Через два часа меня вызвали из тюрьмы в предварительный суд и там предъявили обвинение в возбуждении к убийству «лица, не состоящего в подданстве ее величества», т.е Николая II. Задача этого суда заключалась в том, чтобы решить, можно ли мое дело передать суду присяжных или нет. В этот суд меня приводили раз пять.
На другой — третий день после ареста меня вызвали на свидание. Через две решетки я увидел Волховского.
…У меня не было средств вести процесс, всегда дорого стоющий в Англии. Но благодаря Волховскому, была устроена блестящая защита, были приглашены солистер и адвокат Кольридж, и устроены все мои дела.

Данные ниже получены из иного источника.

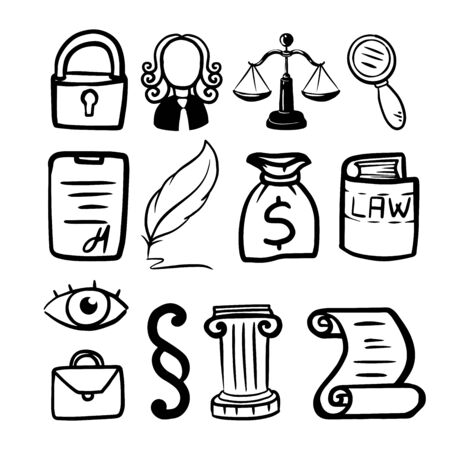 Symbol of law and justice. Conceptual law and justice. Scales of justice, a judge, a pen, a paper roll. Vector illustration doodleのイラスト素材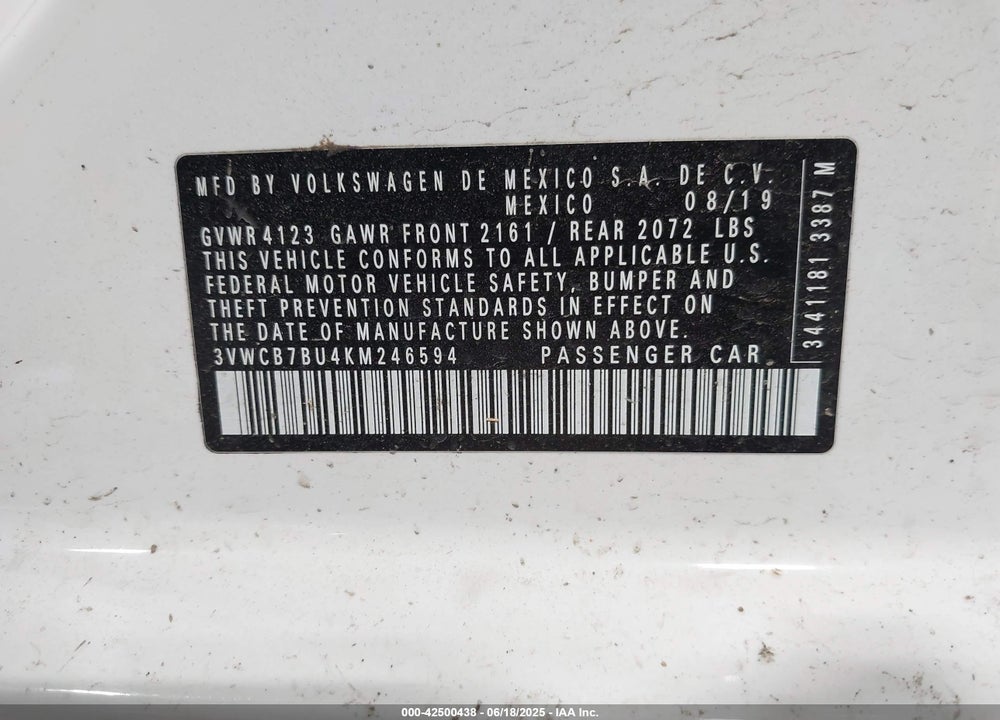 2019 VOLKSWAGEN JETTA VIN: 3VWCB7BU4KM246594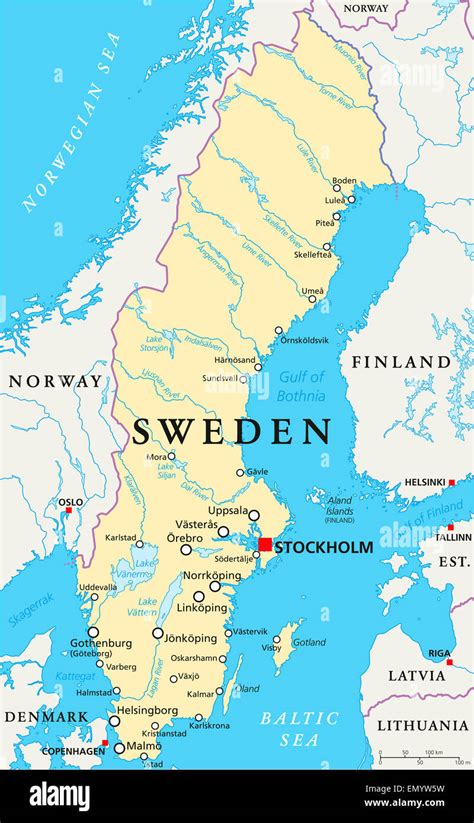 Sweden Political Map with capital Stockholm, national borders ...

…По просьбе русского правительства разбирательство моего дела, раз назначенное, было отложено на месяц «до прибытия свидетелей» из России. Через месяц свидетели приехали, но это были исключительно русские сыщики, и привезли они с собой документы, по большей части выписки из жандармских архивов. Прокурор на суде не счел для себя полезным вызывать этих свидетелей и делать ссылки на их документы.
Суд состоялся 11 февраля 1898 года. Обвинение против меня сводилось исключительно к изданию «Народовольца».
Свидетели — по большей части английские сыщики — установили, что «Народоволец» издавался мной, статьи подписаны моим именем, что я его продавал и рассылал по почте.
Зал суда был полон публики. Было много адвокатов и представителей печати. Полиция сильно опасалась демонстраций на суде и поэтому заранее постаралась занять своими людьми места, предназначенные для публики. Под предлогом недостатка мест русских не пустили даже на галерею, предназначенную для публики, и в зал заседаний только вместе с защитником прошло несколько русских: Волховский, Кропоткин, Чайковский и др.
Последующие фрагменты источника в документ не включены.